Fayemi’s camp, on the other hand, is also accusing Fayose of a few electoral pranks. Only last week, it alleged that the governor planned to sew Fayemi campaign uniforms for thugs who were allegedly being recruited to attack the campaign offices of Oni.
The idea is to create the impression that Fayemi’s supporters were behind the attack, hoping that it would further drive a wedge between Oni and Fayemi, and compel Oni, who lost the APC ticket to Fayemi in a bitterly contested primary, to fight back. That would mean the APC could go into the election with a more divided house than it already has.
As we approach the election, the threat of violence is so real that it has already begun to manifest in open fracas and showdowns.
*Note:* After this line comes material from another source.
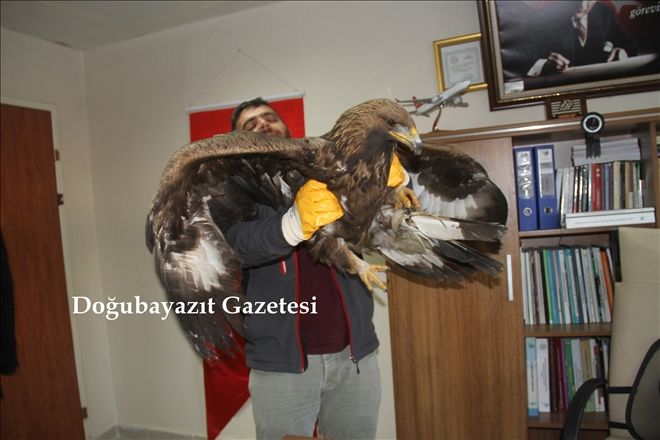 AĞRI´DA YARALI BULUNAN KAYA KARTALI TEDAVİ ALTINA ALINDI?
For me, however, this coming election in Ekiti is what would confirm whether the Buhari government actually possesses the democratic credentials (and temperament) it has been waving in our faces all this while.
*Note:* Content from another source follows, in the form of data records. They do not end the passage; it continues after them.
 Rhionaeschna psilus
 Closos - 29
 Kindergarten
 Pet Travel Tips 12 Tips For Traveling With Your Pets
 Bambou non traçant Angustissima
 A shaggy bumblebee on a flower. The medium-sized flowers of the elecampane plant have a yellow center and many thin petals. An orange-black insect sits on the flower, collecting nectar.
It would confirm if the administration can ignore its desperation to win, take the back seat and allow free and fair elections. Whether we can, when the chips are really down, allow the people’s votes to count.
The international community has particularly been on our matter over this Ekiti election; we must not disgrace ourselves.
The complaint the opposition and even independent observers had about the last governorship election in Ekiti was the over-militarisation, intimidation and manipulation of the process. Having lost that election, it is safe to assume that the APC got the short end of the stick in 2014. However, the way to redress those shortcomings in this 2018 election is not to turn the tables in APC’s favour. The way to redress it is to address the problem. To make sure it never happens again. To ensure that whoever wins, come July 14, wins fair and square.
I know not a few people in APC want to cut Fayose to size. I know Fayose is eager to prove that he is indeed the Osoko-mole. I know that APC has probably selected its best candidate. I know I also have a soft spot for Fayemi. I know that a few people at the APC headquarters might want to score a point over Asiwaju Bola Tinubu, who they should actually be eternally indebted to (it does not matter that the Jagaban Borgu has given them no reason to doubt his commitment to the party). But above all, however, I want us, PMB, INEC and the eventual winners and losers of the July poll, to beat our chest at the end of it all and say that our votes, not our blood, counted!